• _What you have to do_: Write out, word for word, the first line of the data below and every line after it through the one containing "Motivperle Babyfüsschen rosa oder blau".

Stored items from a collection

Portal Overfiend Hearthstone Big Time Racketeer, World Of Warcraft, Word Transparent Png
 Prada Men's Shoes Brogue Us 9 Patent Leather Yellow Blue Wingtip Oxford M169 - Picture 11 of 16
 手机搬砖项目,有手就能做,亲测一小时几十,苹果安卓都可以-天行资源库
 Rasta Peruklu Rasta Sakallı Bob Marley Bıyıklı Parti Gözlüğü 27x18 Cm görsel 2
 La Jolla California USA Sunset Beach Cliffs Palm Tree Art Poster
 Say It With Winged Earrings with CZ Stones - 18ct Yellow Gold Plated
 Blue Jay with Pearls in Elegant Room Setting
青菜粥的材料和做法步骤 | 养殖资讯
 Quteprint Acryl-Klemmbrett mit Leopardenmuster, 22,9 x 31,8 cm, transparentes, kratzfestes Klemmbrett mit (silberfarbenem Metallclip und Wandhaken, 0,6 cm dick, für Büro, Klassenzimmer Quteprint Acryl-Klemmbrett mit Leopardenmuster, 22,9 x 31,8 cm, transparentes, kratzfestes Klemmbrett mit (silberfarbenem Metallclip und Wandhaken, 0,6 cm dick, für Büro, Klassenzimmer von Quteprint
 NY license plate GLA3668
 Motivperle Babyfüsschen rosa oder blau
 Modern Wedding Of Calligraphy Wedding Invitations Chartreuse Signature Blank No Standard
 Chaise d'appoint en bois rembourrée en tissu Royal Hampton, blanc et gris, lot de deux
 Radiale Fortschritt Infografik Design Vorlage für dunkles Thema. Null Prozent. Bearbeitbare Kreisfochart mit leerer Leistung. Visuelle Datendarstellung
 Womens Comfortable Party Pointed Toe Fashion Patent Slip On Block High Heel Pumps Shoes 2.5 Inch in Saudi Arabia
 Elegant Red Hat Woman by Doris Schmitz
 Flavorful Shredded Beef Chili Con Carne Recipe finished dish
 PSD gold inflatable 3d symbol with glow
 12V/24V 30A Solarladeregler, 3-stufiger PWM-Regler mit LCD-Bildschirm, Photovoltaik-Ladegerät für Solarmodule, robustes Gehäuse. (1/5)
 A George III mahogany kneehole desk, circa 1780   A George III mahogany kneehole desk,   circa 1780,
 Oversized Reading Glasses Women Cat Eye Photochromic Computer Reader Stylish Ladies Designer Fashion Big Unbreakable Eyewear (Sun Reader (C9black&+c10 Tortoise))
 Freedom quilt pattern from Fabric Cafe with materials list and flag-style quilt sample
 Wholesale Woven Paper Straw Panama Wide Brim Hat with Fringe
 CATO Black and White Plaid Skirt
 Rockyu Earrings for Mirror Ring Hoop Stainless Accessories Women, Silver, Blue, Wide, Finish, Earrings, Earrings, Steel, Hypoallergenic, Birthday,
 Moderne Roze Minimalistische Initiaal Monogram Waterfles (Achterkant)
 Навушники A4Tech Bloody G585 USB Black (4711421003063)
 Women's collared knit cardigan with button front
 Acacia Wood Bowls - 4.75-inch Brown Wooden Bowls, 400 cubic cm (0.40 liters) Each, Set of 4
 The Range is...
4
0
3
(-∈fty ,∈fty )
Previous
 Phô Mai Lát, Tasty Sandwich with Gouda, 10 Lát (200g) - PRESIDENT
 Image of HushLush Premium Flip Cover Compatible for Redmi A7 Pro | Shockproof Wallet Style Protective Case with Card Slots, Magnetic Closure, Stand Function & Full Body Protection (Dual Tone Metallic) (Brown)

• _Response to this task_:
Portal Overfiend Hearthstone Big Time Racketeer, World Of Warcraft, Word Transparent Png
 Prada Men's Shoes Brogue Us 9 Patent Leather Yellow Blue Wingtip Oxford M169 - Picture 11 of 16
 手机搬砖项目,有手就能做,亲测一小时几十,苹果安卓都可以-天行资源库
 Rasta Peruklu Rasta Sakallı Bob Marley Bıyıklı Parti Gözlüğü 27x18 Cm görsel 2
 La Jolla California USA Sunset Beach Cliffs Palm Tree Art Poster
 Say It With Winged Earrings with CZ Stones - 18ct Yellow Gold Plated
 Blue Jay with Pearls in Elegant Room Setting
青菜粥的材料和做法步骤 | 养殖资讯
 Quteprint Acryl-Klemmbrett mit Leopardenmuster, 22,9 x 31,8 cm, transparentes, kratzfestes Klemmbrett mit (silberfarbenem Metallclip und Wandhaken, 0,6 cm dick, für Büro, Klassenzimmer Quteprint Acryl-Klemmbrett mit Leopardenmuster, 22,9 x 31,8 cm, transparentes, kratzfestes Klemmbrett mit (silberfarbenem Metallclip und Wandhaken, 0,6 cm dick, für Büro, Klassenzimmer von Quteprint
 NY license plate GLA3668
 Motivperle Babyfüsschen rosa oder blau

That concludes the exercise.